*Provided data*:
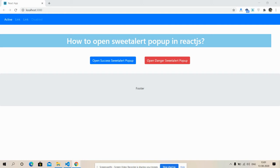So friends, on my screen you can see that my React.js application is working fine. Also you can see two buttons: Open Success SweetAlert Popup and Open Danger SweetAlert Popup. So when I click on both the buttons, then I will get SweetAlert popup.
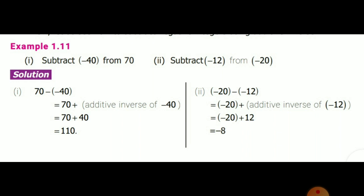Example 1.11: Subtract minus 40 from 70. So from 70 we subtract minus 40: 70 minus (minus 40). Minus of minus means we put plus, or equivalently, the additive inverse of minus 40 is plus 40. So 70 plus 40 equals 110.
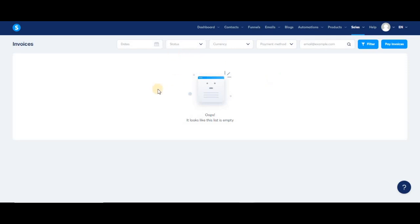And finally, you'll be able to see the status of the invoice. When first generated, the invoice will be marked as unpaid, but once the invoice is paid, you can mark it as paid manually.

*Description of the task*:
Return every line shown above without changing a word, and skip the pictures.

*Finished task*:
So friends, on my screen you can see that my React.js application is working fine. Also you can see two buttons: Open Success SweetAlert Popup and Open Danger SweetAlert Popup. So when I click on both the buttons, then I will get SweetAlert popup.
Example 1.11: Subtract minus 40 from 70. So from 70 we subtract minus 40: 70 minus (minus 40). Minus of minus means we put plus, or equivalently, the additive inverse of minus 40 is plus 40. So 70 plus 40 equals 110.
And finally, you'll be able to see the status of the invoice. When first generated, the invoice will be marked as unpaid, but once the invoice is paid, you can mark it as paid manually.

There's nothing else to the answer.